===== Data to process =====

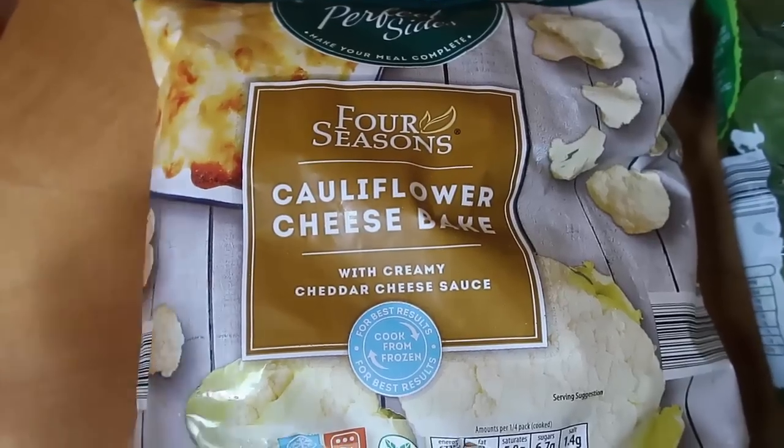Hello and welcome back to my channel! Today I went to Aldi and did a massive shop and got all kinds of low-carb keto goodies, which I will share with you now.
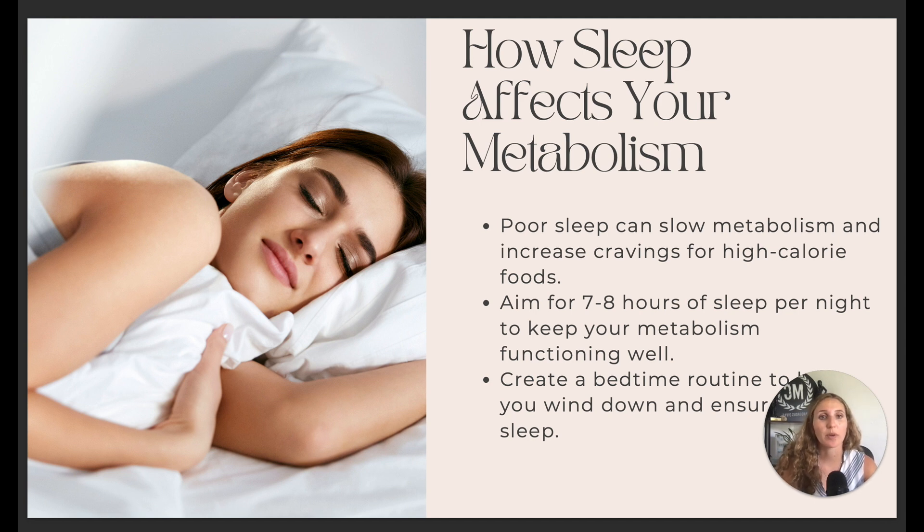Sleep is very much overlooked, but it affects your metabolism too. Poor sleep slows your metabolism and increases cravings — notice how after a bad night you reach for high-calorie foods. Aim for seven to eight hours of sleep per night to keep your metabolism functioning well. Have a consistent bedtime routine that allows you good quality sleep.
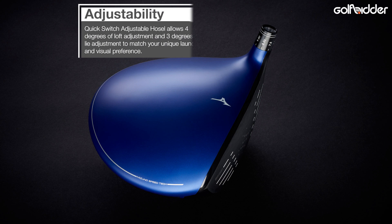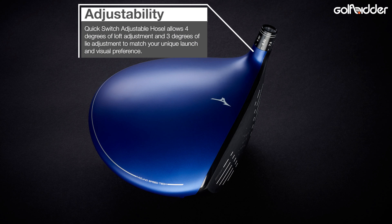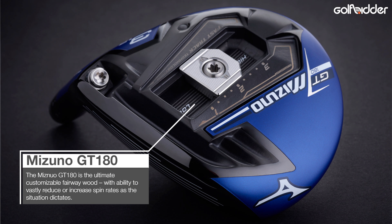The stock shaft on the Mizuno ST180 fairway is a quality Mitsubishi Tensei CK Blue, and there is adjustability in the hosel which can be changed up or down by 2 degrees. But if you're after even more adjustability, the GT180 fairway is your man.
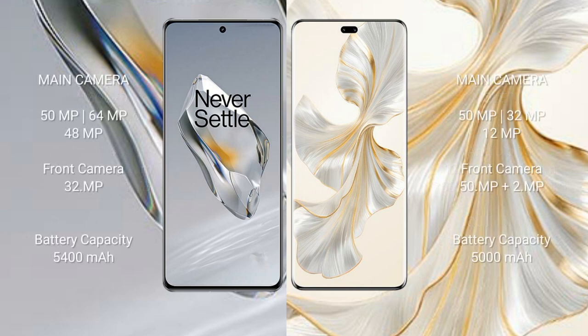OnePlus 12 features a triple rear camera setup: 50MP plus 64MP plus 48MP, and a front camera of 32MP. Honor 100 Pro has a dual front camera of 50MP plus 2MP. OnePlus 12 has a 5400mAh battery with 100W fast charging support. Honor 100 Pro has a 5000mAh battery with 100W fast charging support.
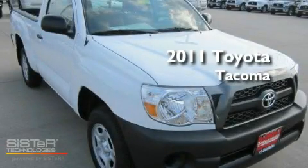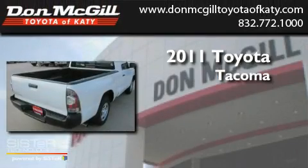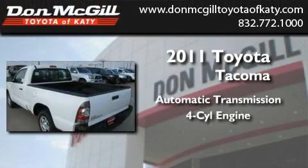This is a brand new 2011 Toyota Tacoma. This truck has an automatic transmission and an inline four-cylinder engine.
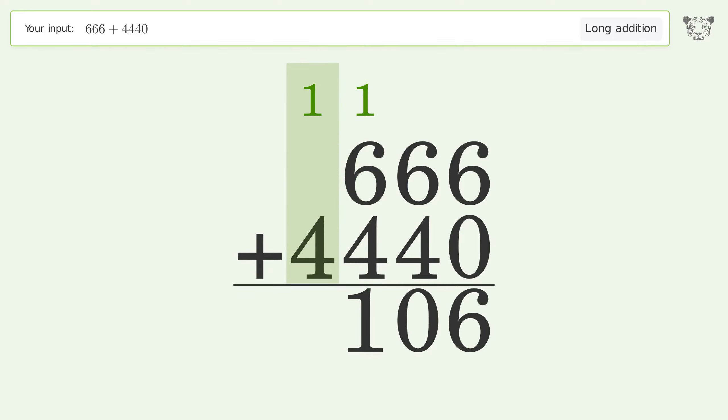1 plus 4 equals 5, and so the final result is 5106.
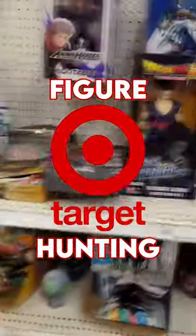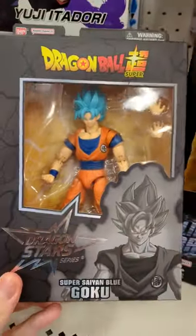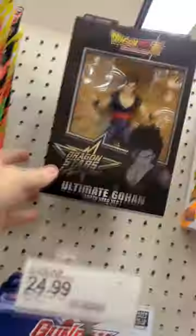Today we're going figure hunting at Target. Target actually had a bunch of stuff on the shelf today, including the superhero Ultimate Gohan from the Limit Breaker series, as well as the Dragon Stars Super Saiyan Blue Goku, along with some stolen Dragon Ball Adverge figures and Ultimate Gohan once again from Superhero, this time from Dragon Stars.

=====

### Task prompt
Locate the line containing "This is a brand" in the records above, then output it and every line after it through the last, excluding pictures.

### Answer box
This is a brand new 2011 Toyota Tacoma. This truck has an automatic transmission and an inline four-cylinder engine.
1 plus 4 equals 5, and so the final result is 5106.
Today we're going figure hunting at Target. Target actually had a bunch of stuff on the shelf today, including the superhero Ultimate Gohan from the Limit Breaker series, as well as the Dragon Stars Super Saiyan Blue Goku, along with some stolen Dragon Ball Adverge figures and Ultimate Gohan once again from Superhero, this time from Dragon Stars.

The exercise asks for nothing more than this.